La Physique sacrée ou histoire naturelle de Bible de Johann-Jakob Scheuchzer, parue en 1732, est un peu la version grand public de l’œuvre de Samuel Bochart. Elle marque à la fois l’apogée et la fin de la théologie naturelle, tentative désespérée et hallucinée de concilier la science moderne et les textes bibliques. Illustrés de plus de sept-cent gravures de Johann Melchior Füssli, les huit tomes de la Physica Sacra furent publiés d’emblée en latin, français et allemand, et bénéficièrent d’un tirage suffisant puisqu’il soit encore possible aujourd’hui d’en trouver sur internet des exemplaires complets à un prix presque abordable ; je me suis contenté d’acheter l’une des gravures, qui reprend la scène des licornes au bord du ruisseau du Hierozoicon.


Le plan de ce traité de sciences naturelles est celui de l’Ancien Testament. Plantes, animaux et roches y sont ainsi décrits au gré de digressions sur le texte biblique, dans ce qui peut nous sembler un grand désordre mais n’est au fond guère plus absurde que l’ordre alphabétique – et de toute façon, il y a un index. Scheuchzer, qui discute du reem hébreu au chapitre XXIII du livre des Nombres avance les deux hypothèses de l’oryx unicorne et de l’identité de la licorne avec le rhinocéros. Le passage est illustré de deux gravures présentant les deux animaux, les oryx de Bochart et le rhinocéros de Dürer.
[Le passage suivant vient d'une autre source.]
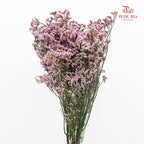 Dry Caspia - Light Pink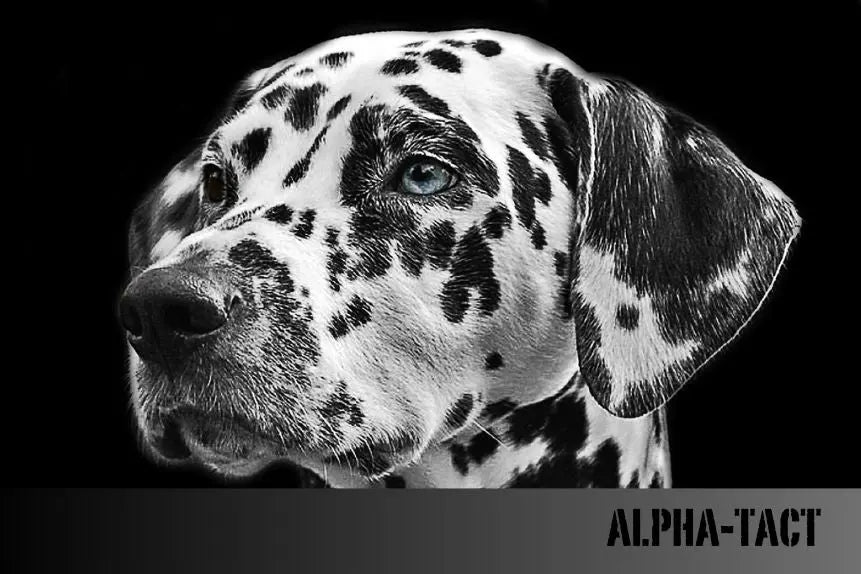 Köpeklerde-Elektronik-Tasmalar-Etik-mi-Etkili-mi Alpha-Tact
Scheuchzer s’intéressait aussi aux licornes fossiles, et le musée des sciences de la terre de Cambridge vient de retrouver un tronçon de défense de mammouth qu’il avait envoyé au docteur anglais John Woodward, dont les collections ont donné naissance au musée. Le fragment était encore étiqueté unicornu fossile Canstadiense – licorne fossile de Constance.

Dans un autre ouvrage, Ouresiphoites Helveticus, en 1702, Scheuchzer décrit une région qu’il connaît bien mieux, la Suisse, et met le promeneur en garde contre les dragons.

Même si la croyance en la réalité de la licorne s’était estompée au XVIIe siècle, le texte biblique restait donc un puissant argument en sa faveur. Si des auteurs savants continuaient à débattre longuement, citations bibliques, grecques et arabes à l’appui, de son identité avec l’oryx ou le rhinocéros, d’autres étaient cependant moins curieux, comme Bossuet qui écrivait dans son commentaire du psaume XXII : « À l’égard de la licorne, je n’ai pas besoin de rechercher curieusement quel animal c’est, et il me suffit qu’il en soit souvent parlé dans les Psaumes mêmes, comme d’un animal cruel et furieux.[2] »


[1] Pierre Ageron, Dans le cabinet de travail du pasteur Samuel Bochart, l’érudit et ses sources arabes, in Érudition et cultures savantes, 2019.
[2] Jacques-Bénigne Bossuet, Explication de la prophétie d’Isaïe, 1704, p.149.